# What is required
From the line that includes "Yellow lichen on" to the closing line of the data, please transcribe every line exactly and add nothing.
*** Opening of Given data ***
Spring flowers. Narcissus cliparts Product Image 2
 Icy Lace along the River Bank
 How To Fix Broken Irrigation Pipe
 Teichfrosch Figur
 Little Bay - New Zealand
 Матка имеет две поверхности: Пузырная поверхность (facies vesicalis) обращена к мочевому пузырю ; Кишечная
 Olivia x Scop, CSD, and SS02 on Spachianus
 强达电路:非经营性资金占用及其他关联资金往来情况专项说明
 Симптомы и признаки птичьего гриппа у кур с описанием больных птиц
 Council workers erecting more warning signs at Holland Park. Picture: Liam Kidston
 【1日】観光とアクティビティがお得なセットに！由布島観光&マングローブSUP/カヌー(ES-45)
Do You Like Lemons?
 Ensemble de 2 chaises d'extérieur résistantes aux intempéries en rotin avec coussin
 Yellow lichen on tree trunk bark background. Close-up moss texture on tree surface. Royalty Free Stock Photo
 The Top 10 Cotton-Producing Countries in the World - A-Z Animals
*** Close of Given data ***
# Response below
 Yellow lichen on tree trunk bark background. Close-up moss texture on tree surface. Royalty Free Stock Photo
 The Top 10 Cotton-Producing Countries in the World - A-Z Animals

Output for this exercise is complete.